Irony that the same day Amazon said they were laying off and re-evaluating their massive building of warehouses and second headquarters and third headquarters, remember that little game and how Virginia an and Nashville won the draw? Yeah me either; well that day Bezos decided to declare that he too was going all in in the Philanthropy game and donated money to his designated winner – wait for it – Dolly Parton. I am sure Dolly will do right with it as she is a legit player but hey his ex wife did it right has given a large portion of her wealth without issue direct to agencies and groups who are using the money to serve those in need. Why a third party there?
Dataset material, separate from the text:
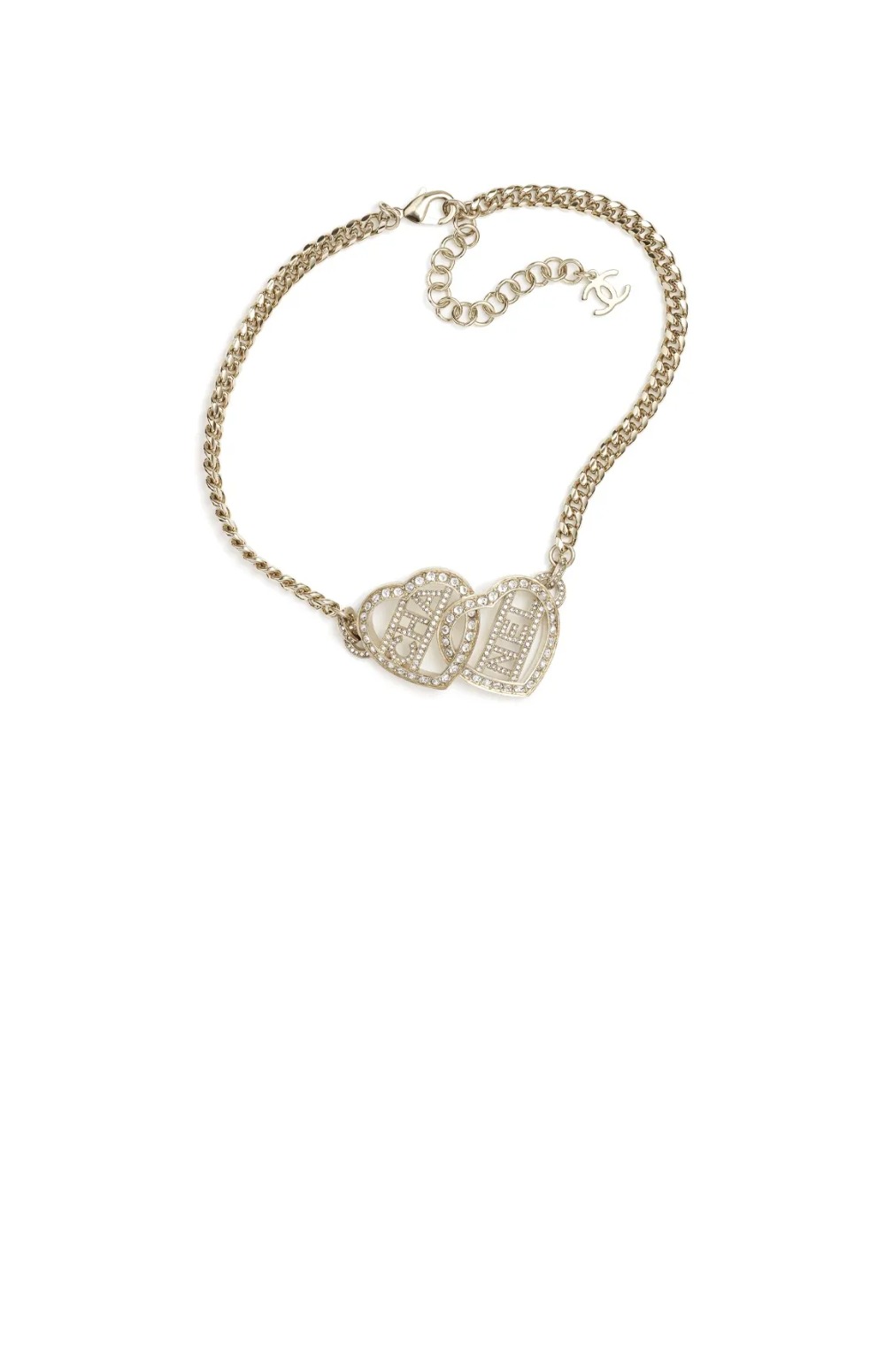 미러급레플리카사이트 | 명품레플리카 전문 쇼핑몰  | 퍼스트원 - 초커 ABB646 > 샤넬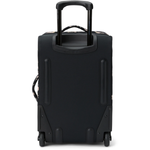 Dakine Carry On Roller 42L Bag - Midnight Blooms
The rich do this all the time, they have massive foundations and which it is easier to donate to them directly and with that they can donate only a small percentage of the required amount by law and in turn use that to invest and directly buy up say all the farmland in America like Bill Gates is doing under the guise of foundation wealth. Bill Gates, America’s largest sharecropper landlord. How rich! Oh a pun!
And of course the stories about what it is like “working” for the most powerful, the most rich and the most thin skinned, Elon Musk, are raging about the universe from print to the interwebs. I think this in the LA Times is one that defines the persona of the Baby Boss Musk and this in the New York Times about his lack of humor and his ambition to be thought of as funny is another. That debacle on Saturday Night Live rings to mind when he proclaimed he was on the spectrum. Now if only DeSantis would follow that lead.
Another humorless but unapologetic CEO, Howard Schultz, will once again deny the reality that many Starbucks employees would like to join a union and collectively bargain for better pay, schedules and the rest of the shit he claims to already give them. Irony that today is Red Cup Day where over 100 stores across the country are planning a Strike to send that message that he refuses to listen.
And with that the tour remains in tact and ongoing. Sincerity be dammed, take it and like it. Elon will be by later with a sink to wash away your tears. Yes white collar folks you may have a Christmas bonus and it will be a layoff notice. You see Amazon already has over 100% turnover the warehouses, FedEx and UPS have already begun cutting and with that those special packages might be later this year as well. As for the supposed shortages well the drivers are struggling to find pickups and that may also be due to the most powerful cargo company in the world fucking with shippers. But no would they do that? Yes they would. And with that our beloved banking industry has begun to cut. God I hope that my Karen downstairs gets a nice stocking stuffer right up her ass, we can only hope, but once you cut to the bone you have nowhere to go but to top, the head,and with that I expect the double dippers, the middle managers, the home based workers to see change be it pocket or work related, change is gonna come.